Records supplied →
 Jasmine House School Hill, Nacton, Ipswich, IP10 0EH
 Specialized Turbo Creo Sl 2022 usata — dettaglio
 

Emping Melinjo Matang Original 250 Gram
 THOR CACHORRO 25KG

==

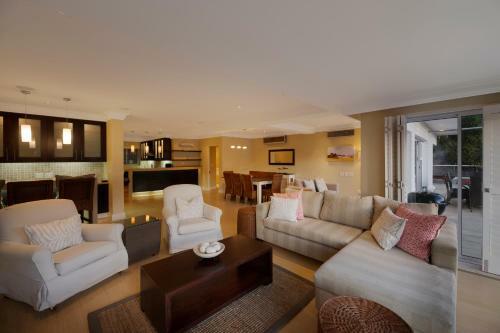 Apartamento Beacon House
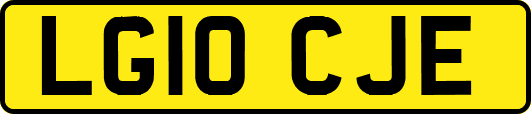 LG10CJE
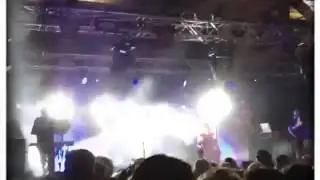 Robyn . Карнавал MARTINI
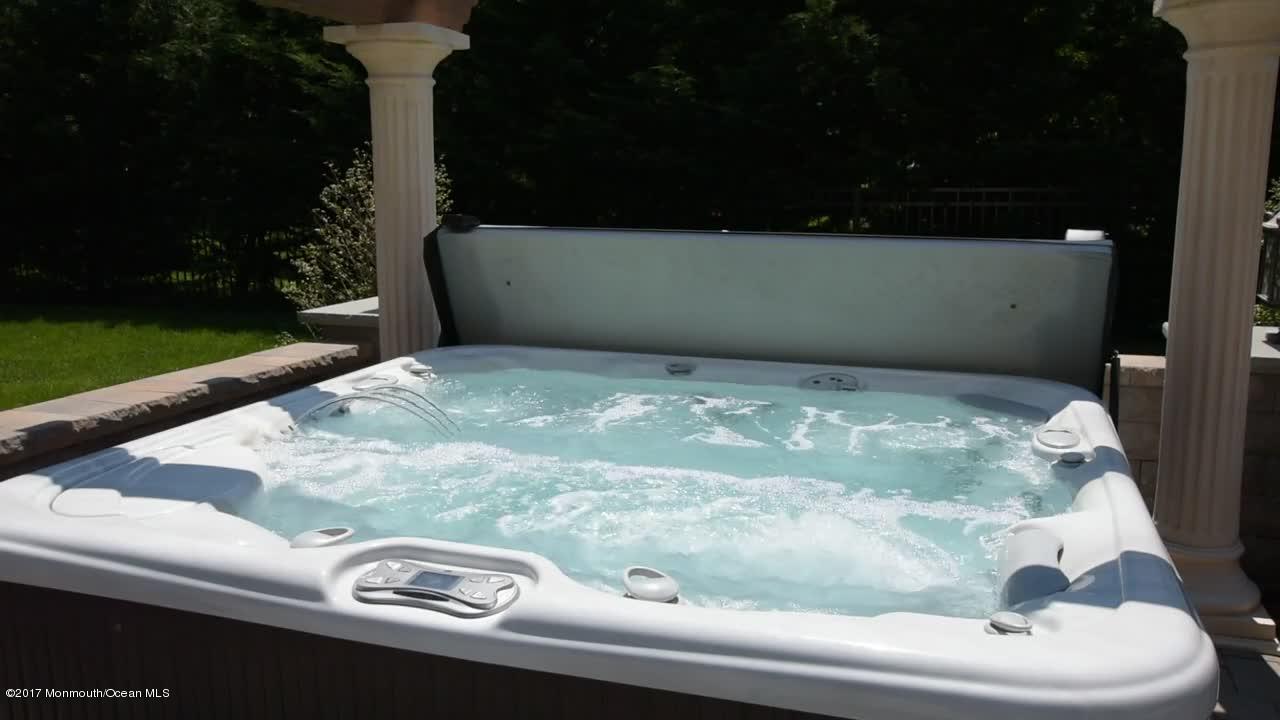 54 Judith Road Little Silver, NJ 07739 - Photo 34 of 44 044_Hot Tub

--

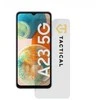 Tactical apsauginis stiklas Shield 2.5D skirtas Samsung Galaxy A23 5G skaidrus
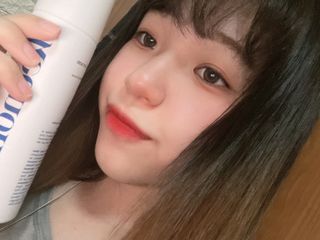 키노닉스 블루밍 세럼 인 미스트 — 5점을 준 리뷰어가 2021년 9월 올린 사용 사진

Task → Looking at the records above, return exactly the lines from the line with "Jasmine House School" to the line with "THOR CACHORRO 25KG", both ends included.

Result →
 Jasmine House School Hill, Nacton, Ipswich, IP10 0EH
 Specialized Turbo Creo Sl 2022 usata — dettaglio
 

Emping Melinjo Matang Original 250 Gram
 THOR CACHORRO 25KG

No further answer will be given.